Major benchmarks picked up ground on Wednesday, bouncing back from Tuesday's weakness. Market participants are still trying to figure out how to balance political controversy in Washington against economic prospects both in the U.S. and around the world. Today, investors seemed to focus more on the favorable conditions that currently prevail domestically. Some good news from individual companies also bolstered sentiment. Marathon Petroleum (NYSE:MPC), Synnex (NYSE:SNX), and Cintas (NASDAQ:CTAS) were among the top performers. Here's why they did so well.

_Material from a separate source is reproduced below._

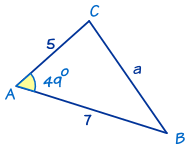 Feb 06, 2014 · then classify the triangle by its angle measures. Solving Sas Triangles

Marathon under activist pressure
Shares of Marathon Petroleum rose more than 8% after activist investor Elliott Management followed up on calls it first made several years ago to take steps to enhance the energy company's shareholder value. Specifically, Elliott suggested that Marathon break itself into three separate components, with the new companies to focus on retail gas stations, refining operations, and midstream transportation and storage assets, respectively. The move is the second time that Elliott has targeted Marathon, but shareholders seem pleased at the prospect that the energy specialist might take bigger steps this time around than it did in 2016 -- especially given the stock's recent weakness.
Synnex makes progress
Synnex enjoyed a nearly 18% jump in its share price following the release of its fiscal third-quarter financial results. The business processes specialist said that revenue soared 29%, helping to send adjusted net income up by 70% compared to year-earlier figures. In particular, CEO Dennis Polk pointed to the company's technology solutions segment as contributing to its overall success. Moreover, earnings projections for the fiscal fourth quarter were better than most of those following the stock had expected. The move has Synnex shares at their highest levels since early 2018.
Cintas gets to work
Finally, shares of Cintas gained 6%. The provider of rental uniforms and business services reported strong fiscal first-quarter results, including a 7% gain in sales and a 22% jump in net income from continuing operations. A solid job market helped boost revenue in its uniform rental and facility services segment, but the company actually saw even faster growth from its first aid and safety services business. Cintas typically does well when the economy's firing on all cylinders, and with employment levels still near all-time highs, the company has the wind at its back for now.